My Hindu Friend Movie Review: This is a very Strange Film
Movie Reviews

My Hindu Friend Movie Review: This is a very Strange Film

My Hindu Friend Movie Review: The mumbo-jumbo narrative leaves you confused and exhausted in this film

  • Movie Name My Hindu Friend
  • Director Hector Babenco
  • Actor Willem Dafoe, Maria Fernanda Candido
  • Rating
  • Rating 2/5 Stars

Rating: **(2 stars)

Brazil’s most celebrated filmmaker Hector Babenco passed away in 2016. This film chronicling his last years as he battled cancer and the ensuing self-questionings, originally released in 2015, has now been re-released across the world. I wonder if My Hindu Friend (original title Meu Amigo Hindu) serves any purpose besides reminding us of how tactile, erotic and  ruthless Hector Babenco’s cinema  was when it comes to outing its protagonist for a moral-spiritual scrutiny. The chameleon actor Willem Dafoe plays a Babenco-like film director Diego whose terminal illness has spread along with his egoistic attitude to life and relationships, and he has reached an emotional impasse with his girlfriend.

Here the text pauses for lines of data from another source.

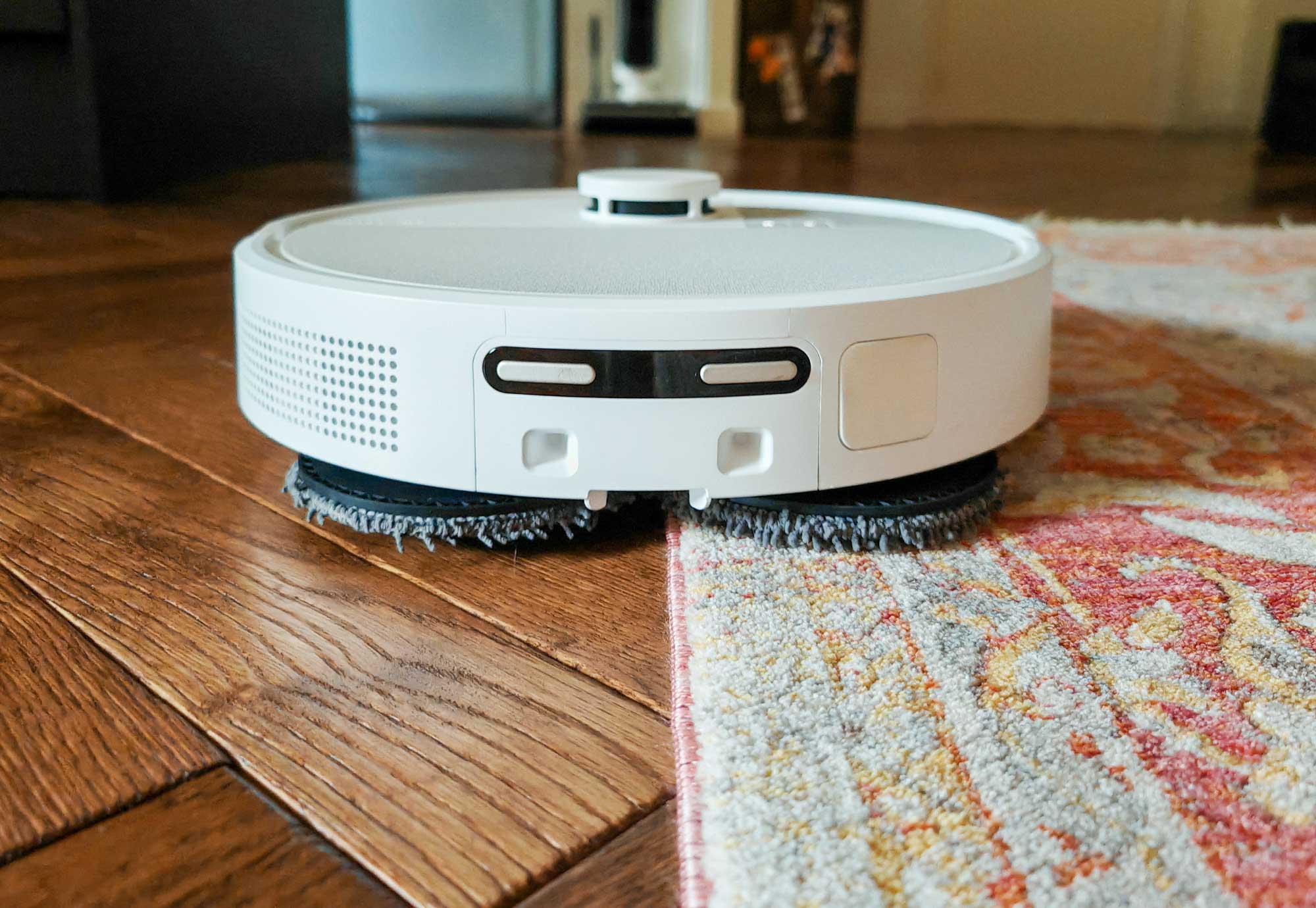 Le Roomba 505 Combo mouille les bords d’un tapis faute de localisation précise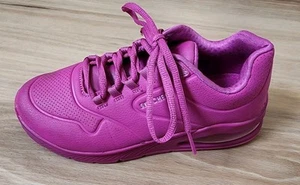 Skechers Pink Fuchsia Shoes Size US 6 UK 3 EUR 36 - Picture 1 of 9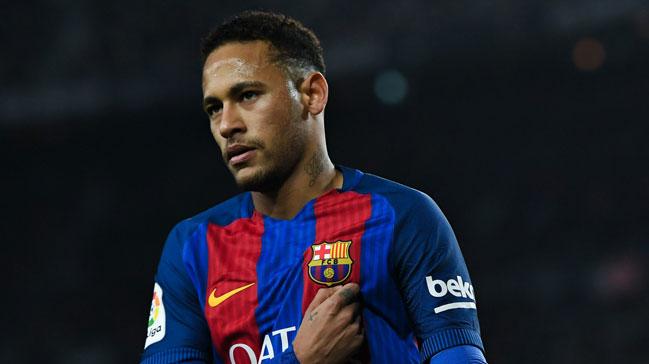 Paris Saint-Germain, Neymar' kadrosuna katmaya hazrlanyor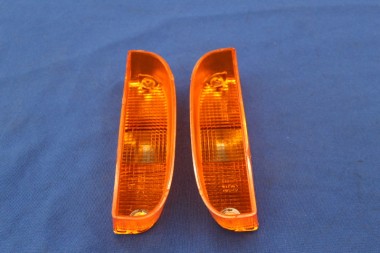 Pair of glasses for front turn signals yellow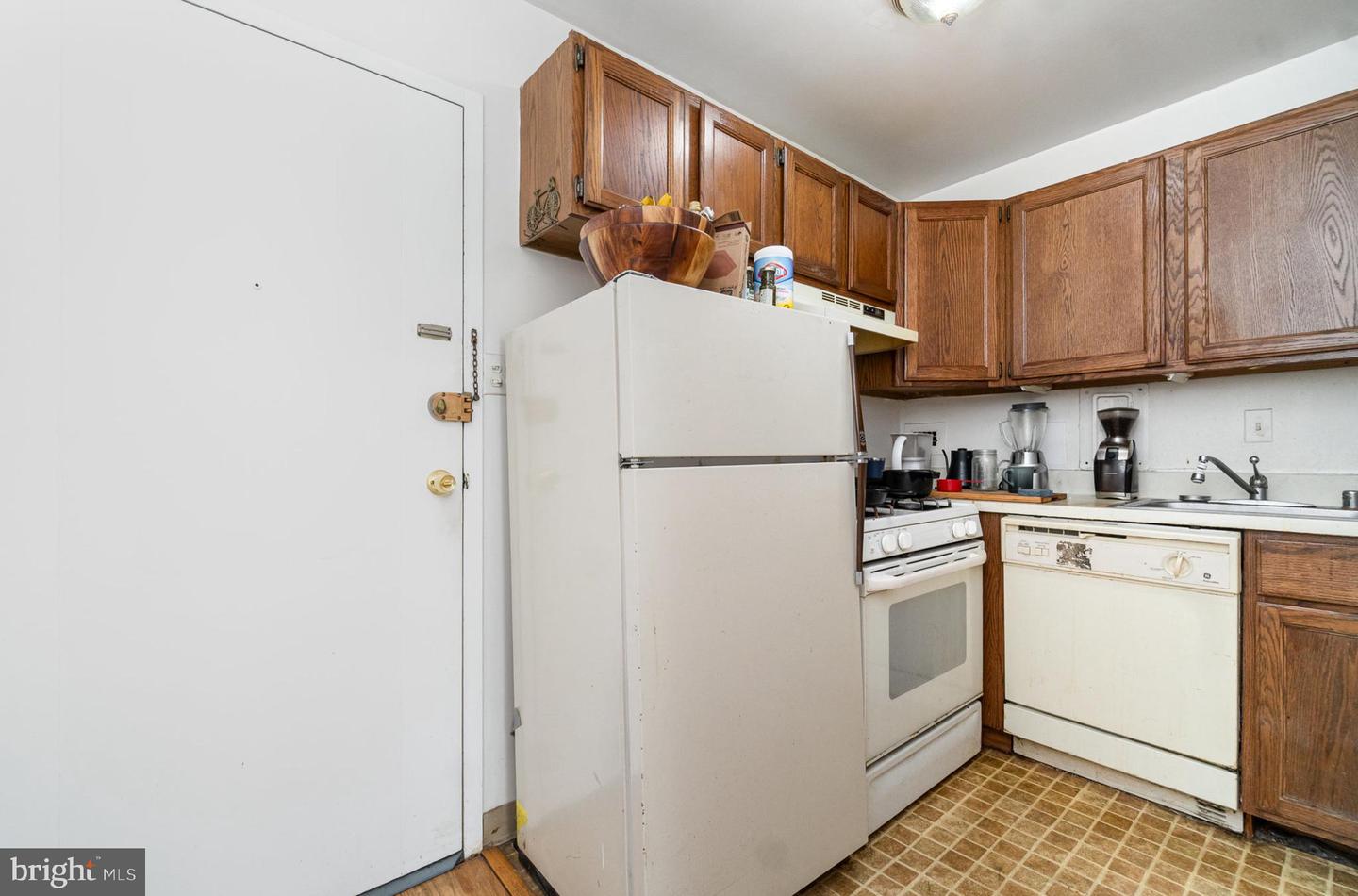 922 24TH ST NW #313, WASHINGTON, District Of Columbia 20037, 1 Bedroom Bedrooms, ,1 BathroomBathrooms,Residential,For sale,922 24TH ST NW #313,DCDC2200958 MLS # DCDC2200958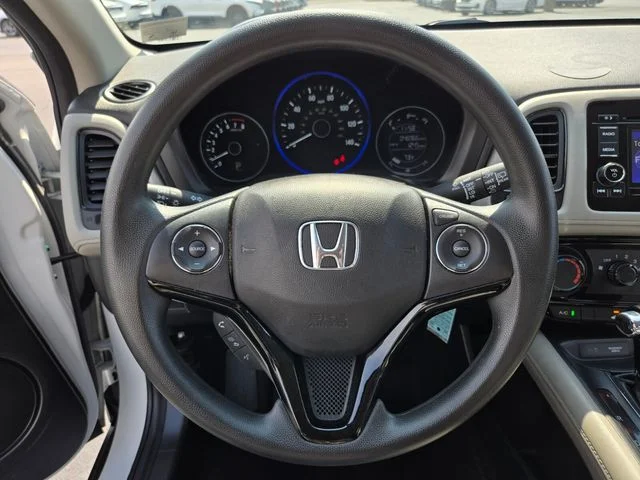 Used 2022 White Honda LX image 30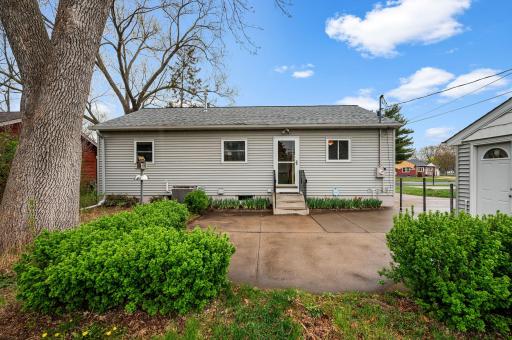2129 Ericon Drive, Minneapolis, MN 55430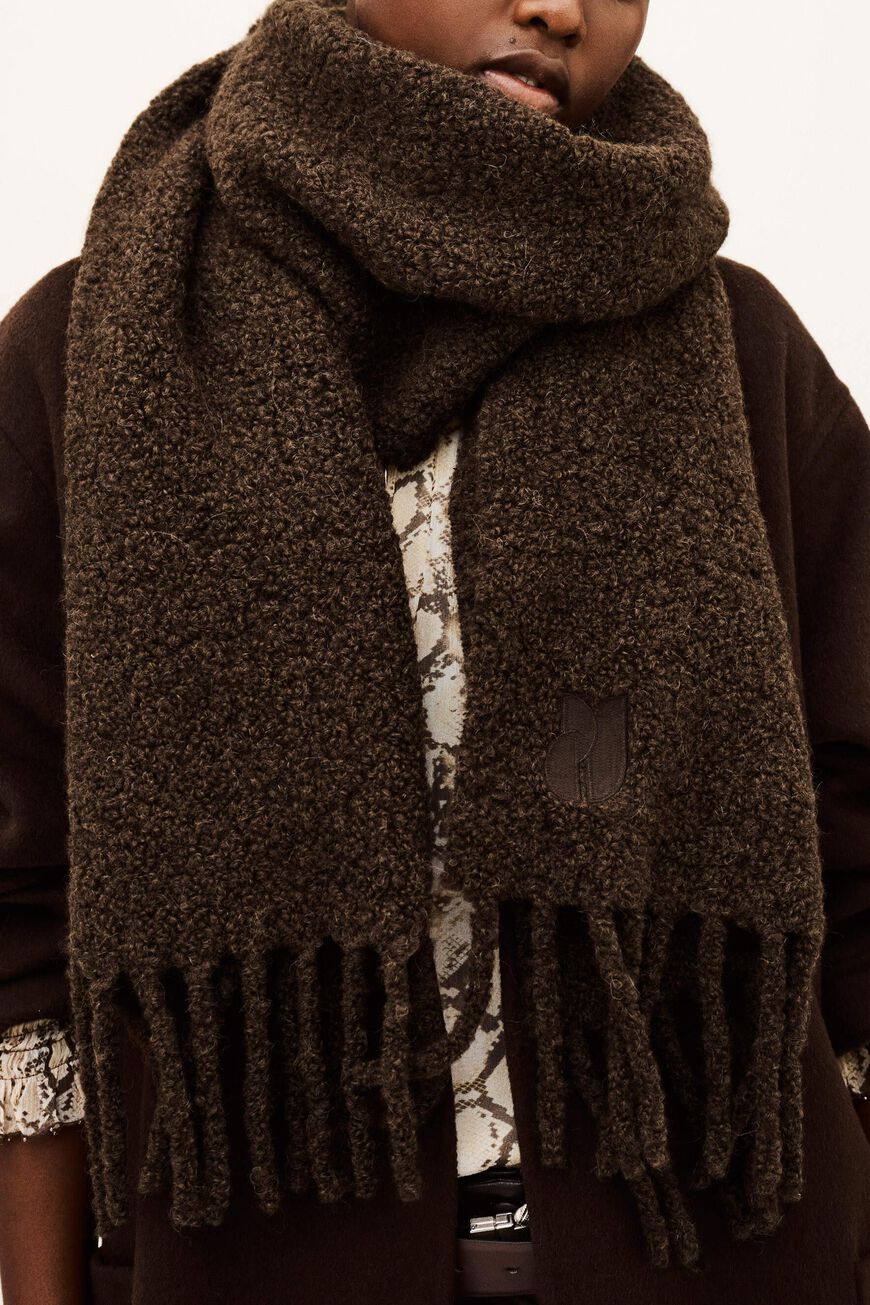 scarf SASHA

He dumps her and is quickly seen mating with an enchantress who is chanting what she thinks are Sanskrit shlokas.

The mumbo-jumbo aura never leaves the narrative as we follow Diego and his ego into the hospital where he undergoes a bone-marrow transplant, the donor being his own  brother whom he hasn’t spoken  to for years. Babenco takes us right through the medical  procedure giving us details of Diego’s bowel and urine status that we would rather not know.

This is an extremely cruel film, forcing the audience to face Diego’s mortality much in the same way that a child forces his parents to stay awake because it can’t sleep. There is a sadistic streak in the  utterly gloomy storytelling, punctured by bouts of hallucinations where we see Diego conversing with a man, a suit and with a briefcase who is the equivalent of Yama. The God of death and Diego converse over chess while the audience is supposed to patiently try to ferret out some  existential  relevance to two hours of idle  chatter over death, sex and betrayal.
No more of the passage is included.